Using the formalization system I wrote of earlier, let’s take a look at this famous question.

First we should note that this is a yes/no question which is different from the questions that I have earlier formalized. The earlier questions sought to identity a certain individual, but yes/no questions do not. Instead they ask whether something is the case or not. So this time I cannot use the (x=?) question phrase from earlier, since there is no individual to identify similarly to the earlier cases.

One idea is to simply add a question mark at the end. Like this:

F1. (∃x)(∃y)(Wxy∧Bxy∧Cxy∧x=a)?

Wxy ≡ x’s wife is identical with y

Bxy ≡ x beats y

Cxy ≡ x used to beat y^{1}

a ≡ you

But this fails to capture that it is not all of the things that are being asked whether they are the case or not. It is only the Bxy part that is being asked. The rest is stipulated as true. We can change the formalization to capture this, like this:

F1*. (∃x)(∃y)(Wxy∧Cxy∧x=a)∧(Bxy)?

The question mark is now understood as a predicate that works on whatever is *before/to the left of it*. (In parentheses for clarity.) Not to the right like with the other monadic predicates and propositional connectors (¬, ◊, □, etc.). In this case the question mark only functions on (Bxy) and not the rest of the formula.

Translated into LE:

There exists an x and there exists an y such that x’s wife is y and x used to beat y and x is identical with you and is it the case that x beats y?
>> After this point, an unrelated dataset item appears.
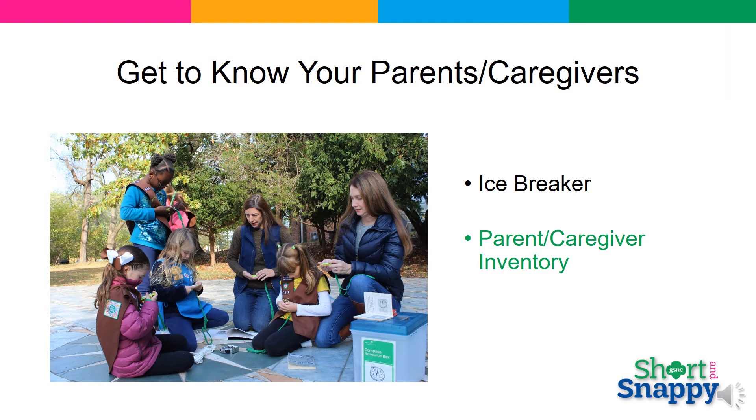Get to know the adults with an icebreaker activity. This allows you to learn what skills they possess and how they can help the troop. What do they do for a living? What are their hobbies? If there is a nurse in the group, maybe she will help lead the first aid badge. Maybe a police officer would help with the respect authority badge. Parents won't think you need or want their help if you don't ask. Get to know the parents, what they are good at, and then ask them to help with the troop based on their skills. A personal ask like this goes much further than an email ask to all parents.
### Answering yes/no questions

When answered in the positive, the answered version simply removes the question mark. Producing:

F2. (∃x)(∃y)(Wxy∧Cxy∧x=a)∧(Bxy)

Answering in the negative removes the question mark and adds a negation sign to the part of the formula that the question predicate is working on. Producing this:

F3. (∃x)(∃y)(Wxy∧Cxy∧x=a)∧¬(Bxy)

If the produced formula is true, then the question has been answered correctly. However since this question is loaded. Both of the produced formulas are false, that is, it is both false that:

F2. (∃x)(∃y)(Wxy∧Cxy∧x=a)∧(Bxy)

There exists an x and there exists an y such that x’s wife is y and x used to beat y and x is identical with you and x beats y.

and that:

F3. (∃x)(∃y)(Wxy∧Cxy∧x=a)∧¬(Bxy)

There exists an x and there exists an y such that x’s wife is y and x used to beat y and x is identical with you and it is not the case that x beats y.

Since they both imply the falsehood:

(∃x)(∃y)(Wxy∧Cxy∧x=a)

There exists an x and there exists an y such that x’s wife is y and x used to beat y and x is identical with you.

1Alternatively one could deepen to formalization to formalize the temporal aspect of this predicate. Though it doesn’t seem important here so I will leave it out.